Inoltre, osserva l’organizzazione, spesso accade che nelle giurie popolari che devono giudicare i processi, vengano intenzionalmente esclusi giurati su base razziale per il pregiudizio secondo il quale un afroamericano non possa servire come giurato con la stessa correttezza e onestà di un bianco.
Altra questione: la pena di morte viene richiesta e comminata più spesso contro imputati che hanno ucciso vittime bianche piuttosto che afroamericane o di origine ispanica.
Razzismo Usa, coronavirus e sistema sanitario
In questo quadro generale di razzismo sotto traccia, latente e mai davvero risolto, oggi si è inserita di prepotenza la pandemia del nuovo coronavirus che esaspera i contrasti e approfondisce le discriminazioni razziali e insieme sociali, nel primo Paese al mondo per numero di contagi.
Commenta Salimbeni: «Il Coronavirus ha messo in luce con forza tutte le storture, le fragilità e le ingiustizie del sistema americano. Qui non esiste l’idea di welfare che è alla base di molte altre democrazie. Chi è che rischia e si ammala di più? Dopo le persone più anziane, sono coloro che devono andare a lavorare per forza, perché svolgono servizi essenziali, come ad esempio le pulizie, che sono spesso i lavori meno retribuiti. E chi svolge questi mestieri sono perlopiù i cosiddetti black and brown (neri e marroni), gli afroamericani e i latinoamericani.
«Ora – dice ancora Salimbeni – pensiamo che negli Stati Uniti la sanità di fatto non è considerata come un diritto garantito a priori: te la devi comprare. Più di 40 milioni di persone non hanno un’assicurazione sanitaria: la maggior parte sono gli working poor, ovvero i poveri che lavorano, tanti bianchi, ma soprattutto neri e latini, gli stessi che nel periodo del Covid-19 sono più a rischio. E che, se si ammalano, non possono avere assistenza perché non sanno come pagarla».

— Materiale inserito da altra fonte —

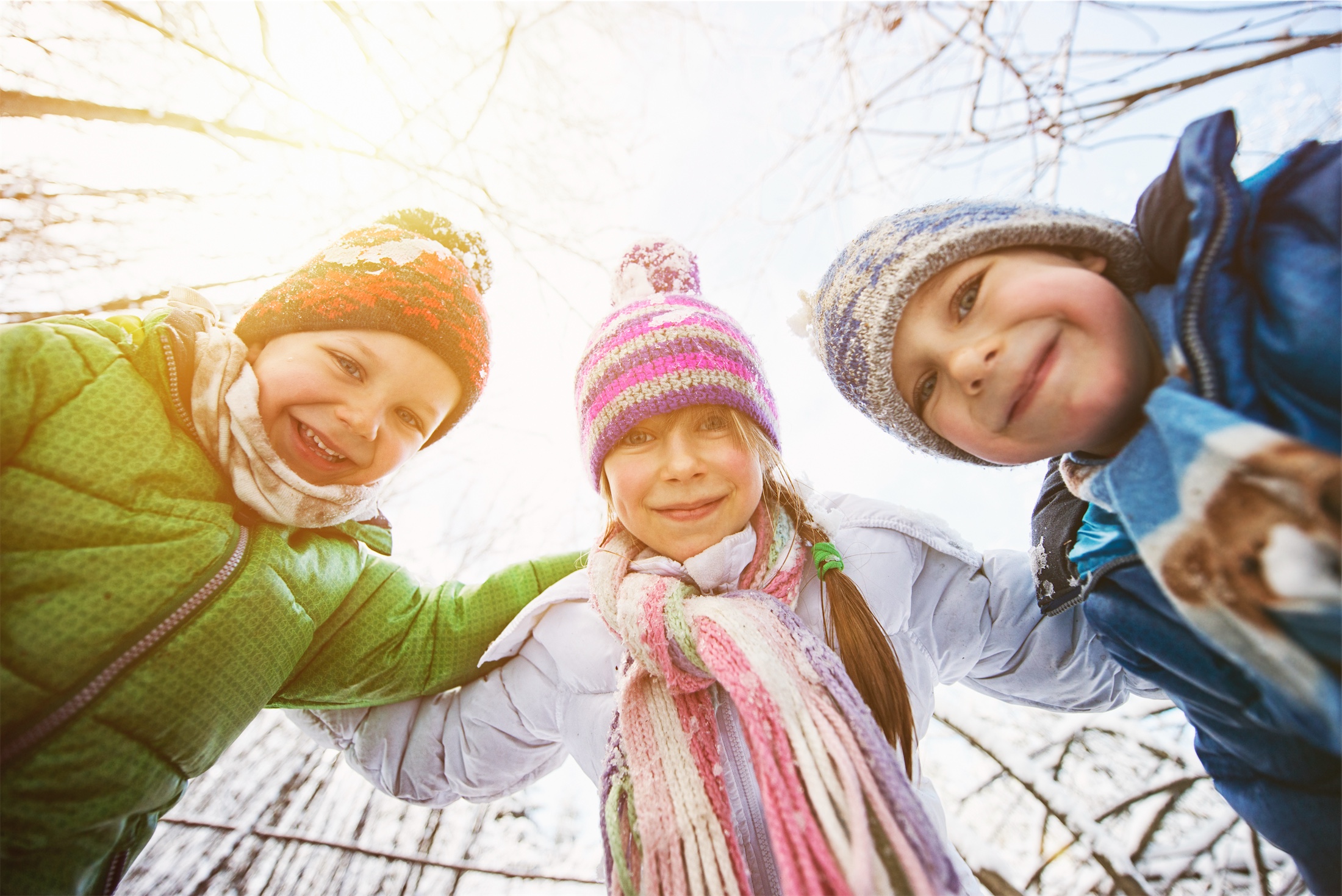 children in winter gear looking down at the camera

Razzismo Usa e divisioni ai tempi di Donald Trump
L’amministrazione di Donald Trump ha peggiorato terribilmente la cose, esasperando i contrasti e alimentando un clima di tensione sociale e razziale, già molto tempo prima della pandemia. «In questi anni di presidenza, Trump si è avvicinato agli esponenti di ultradestra dando loro credito e accaparrandosi il loro favore. Ha legittimato movimenti estremisti e razzisti come quello dei suprematisti bianchi. Nel caso di Minneapolis, invece di smorzare i toni, ha gettato litri e litri di benzina sul fuoco, alimentando le divisioni, lo scontro e la guerra tra i disperati, bianchi poveri contro afroamericani altrettanto poveri».

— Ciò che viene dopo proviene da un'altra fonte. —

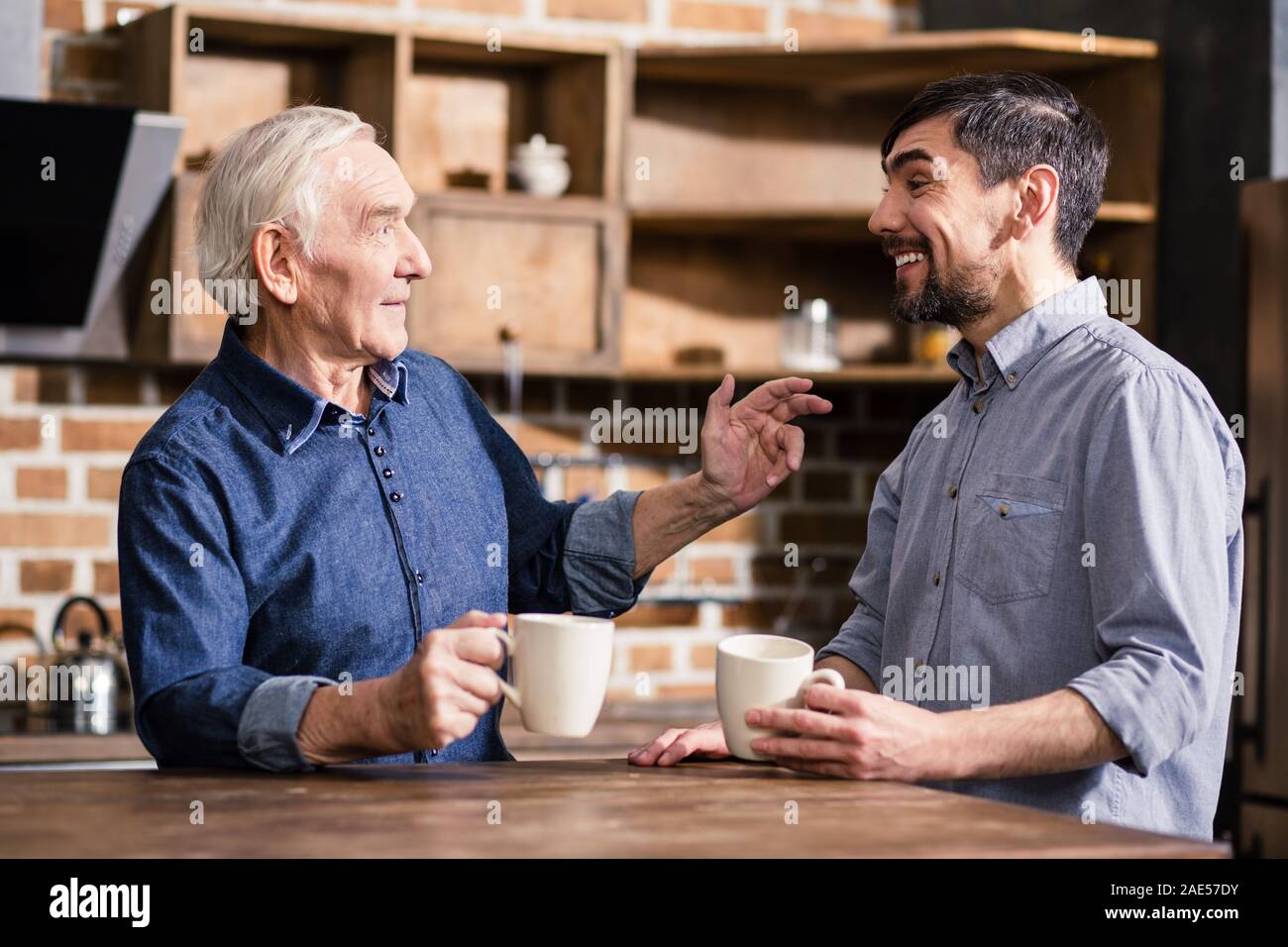 Cheerful aged man talking to his son Stock Photo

Mai in America si erano viste manifestazioni e proteste così vaste per l’uccisione di un afroamericano dai tempi dell’assassinio di Martin Luther King, nel 1968, aggiunge il giornalista. «Io amo questa nazione. Ma Trump ne sta facendo scempio. In 25 anni di vita qui non ho mai visto gli Usa ridotti così male. Il livello della divisione ideologica e quello della tensione sociale non sono mai stati così alti. Oggi, l’America è una nazione a pezzi».